Los omniscientes N°11, Mayo 2015 | Page 35

EL POBRE

La vida es un cúmulo de sucesos donde siempre somos interventores y lo que hacemos, o donde nos vemos involucrados, hace variar la línea que veníamos siguiendo.

Aquél indigente se sentaba todas las mañanas en la esquina de una cafetería con el único acompañamiento de una mochila desgastada por su uso. Como todos los que pasaban ante él también tenía su propia historia. Un camino con demasiados tallos sin rosas que le hacían sangrar.

Entronado en un pequeño cojín pasaba las horas observando a quienes temprano en la mañana caminaban torpes hacia sus trabajos, y después los veía regresar aletargados, con el rostro como espejos de lo que la jornada les había regalado.
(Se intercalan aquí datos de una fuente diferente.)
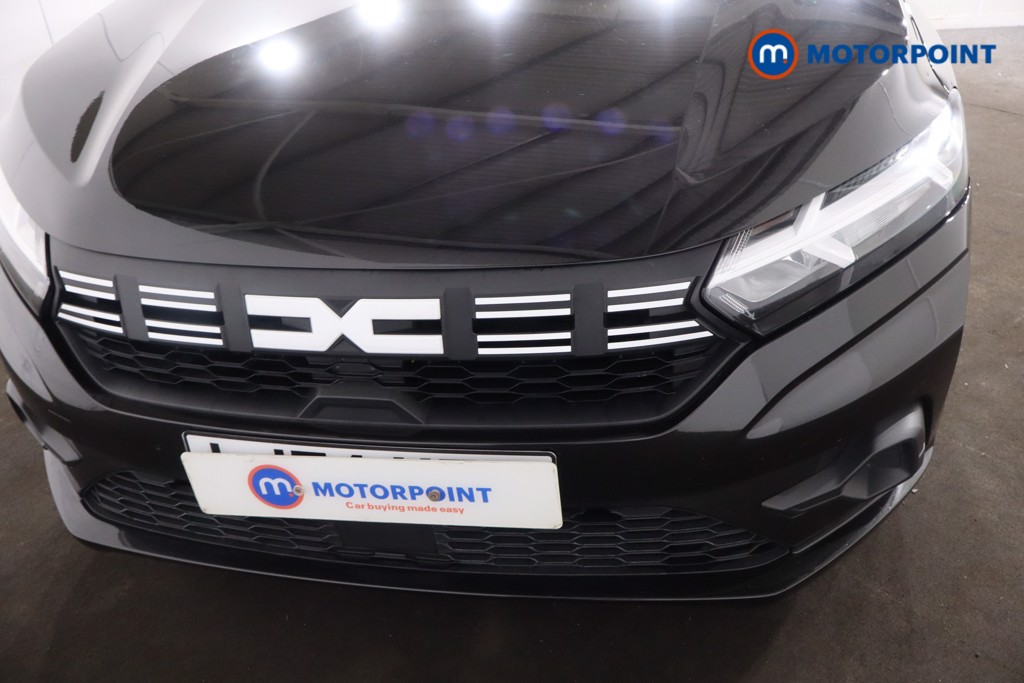 Dacia Sandero Essential Manual Petrol Hatchback - Stock Number (1608761) - 27th supplementary image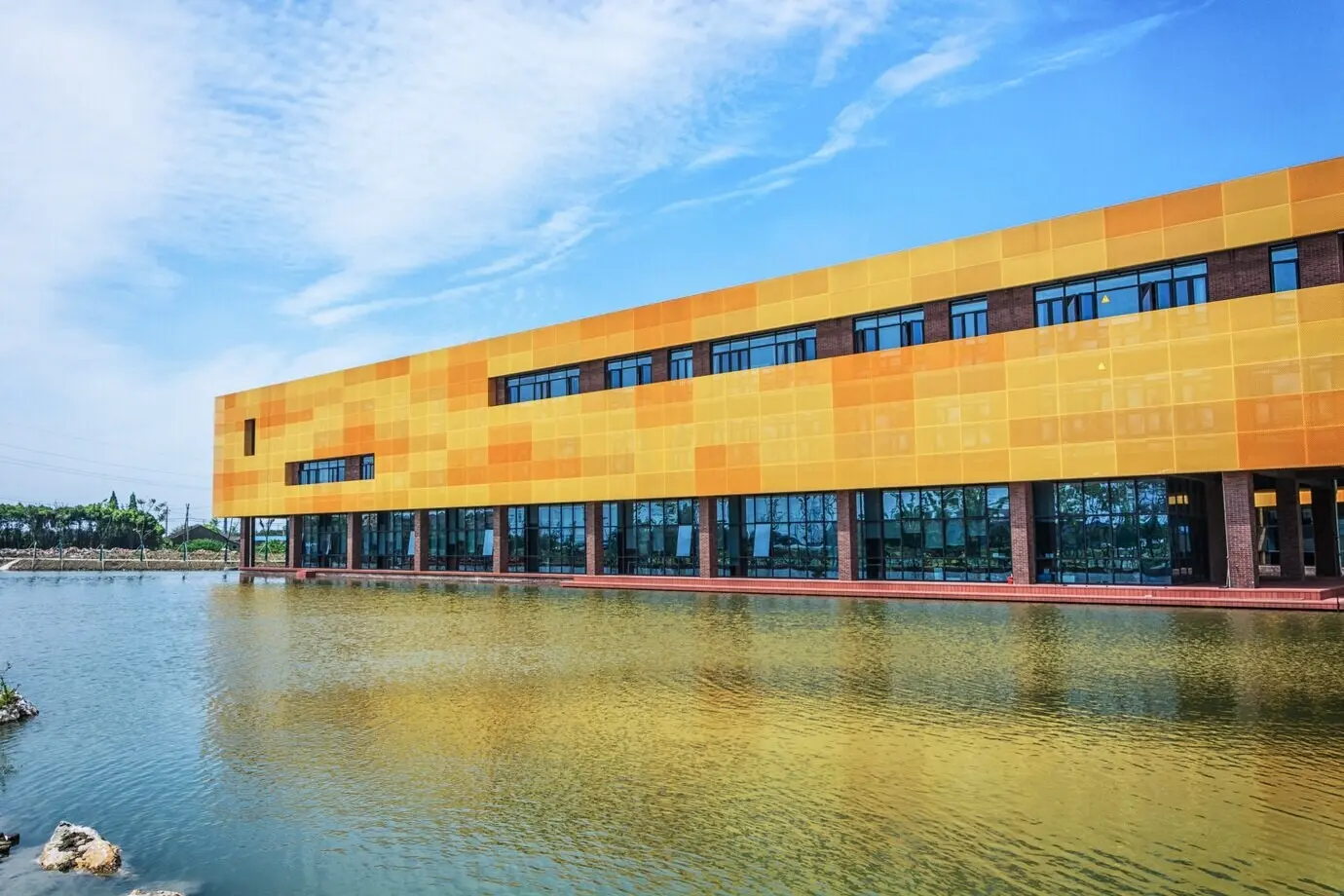 Please provide the original description you want me to rephrase in English.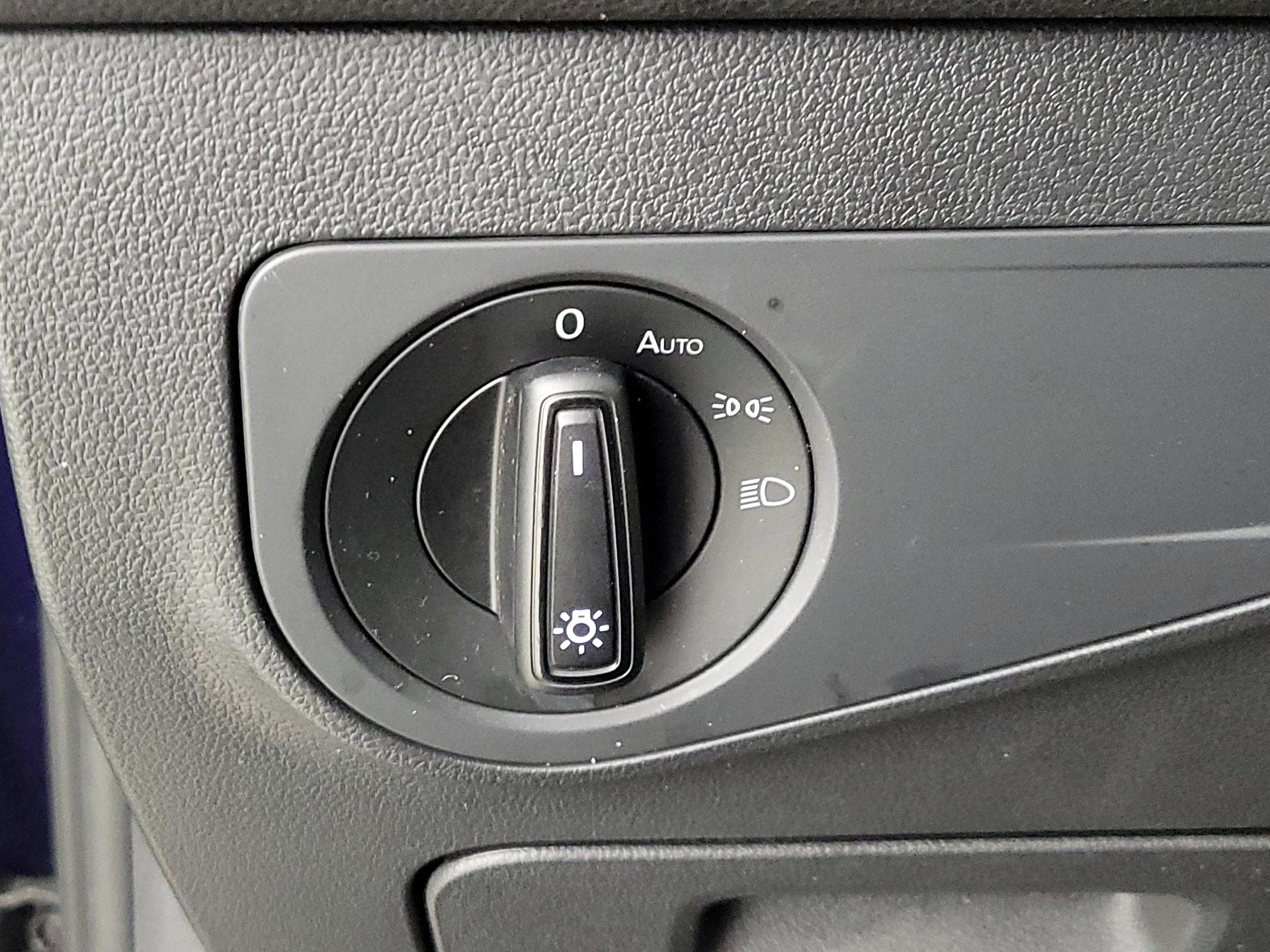 Thumbnail: 2021 Volkswagen Tiguan - 13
En ocasiones hacía tintinear las escasas monedas para llamar algo la atención. Sabía que la cosa no estaba para regalar dinero a extraños.

El pedigüeño se sentía sobrante en un mundo donde unos le temían, otros le enjuiciaban y todos transcurrían delante suya sin preguntarse quién era. Su realidad no era distinta a la de otros, cada día se levantaba para sobrevivir. Cada nuevo sol era una tortura que le atormentaba y cada noche que dejaba al cerrar los ojos, un alivio.

Era un soñador engañado, pues de tanto abusar de esas fantasías sufría la crueldad de abrir los ojos cada día. A veces hasta sin quererlo.

En aquella esquina contemplaba cómo las horas, los días, le consumían y se llevaban el poco orgullo que le iba quedando. Los días donde el frío era obligado compañero, o aquellos donde el calor era sudario que cubría de salada humedad su cuerpo, esos donde la lluvia le obligaba a unas vacaciones forzadas, eran su condena.

En ocasiones perdía la noción del tiempo sentado inmóvil ante la pared, cegándose y ensordeciéndose de lo que le rodeaba, entregándose a los recuerdos de otros tiempos.